Back in the ‘70s and ‘80s, long before it was a hipster haven replete with cheese stores and upscale coffee shops, Silver Lake was a center for L.A.’s gay leather community. That all began changing in the ‘90s, and the chipping away at that subculture has continued ever since.

Over the past several years, many gay bars elsewhere in L.A. have slowly started shuttering. In 2013, the West Hollywood lesbian bar The Palms bid farewell after 48 years. More recently, the New Jalisco Bar, a safe haven for queer Latinos, has been threatened with demolition permits in fast-gentrifying downtown L.A.; although it’s safe for now, ownership has voiced uncertainty about the bar’s future. A few new gay bars have sprung up in gentrifying DTLA, including Redline and Precinct, but many have seen the rise of Grindr, Scruff and other gay hook-up apps — which allow queers to meet without ever entering a queer-only space — as the gay bar’s death knell, particularly the gay dive bar.

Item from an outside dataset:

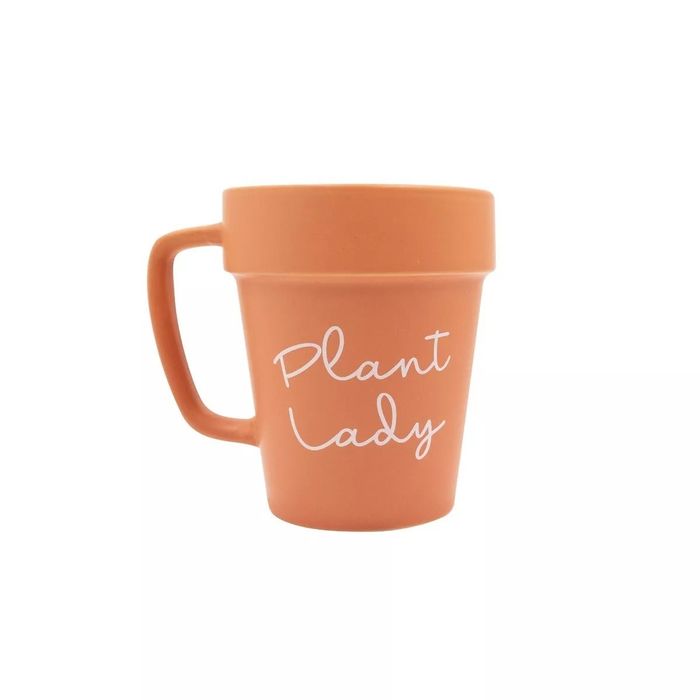 A terracotta mug shaped like a plant pot with 'Plant Lady' written on it, perfect for plant lovers and gardeners.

Meanwhile, Akbar is thriving after 20 years, thanks in no small part to a diverse scene that spans generations, welcomes young creatives and still offers a safe space for older gay folks. It’s an inclusive atmosphere by design. When owners Scott Craig and Peter Alexander (along with a third partner and his wife) opened the bar in the mid-’90s, the idea was to have a hangout that was obviously gay-leaning — rainbow flag out front and all — but was a bit more mixed than the strictly gay male-only bars they were familiar with.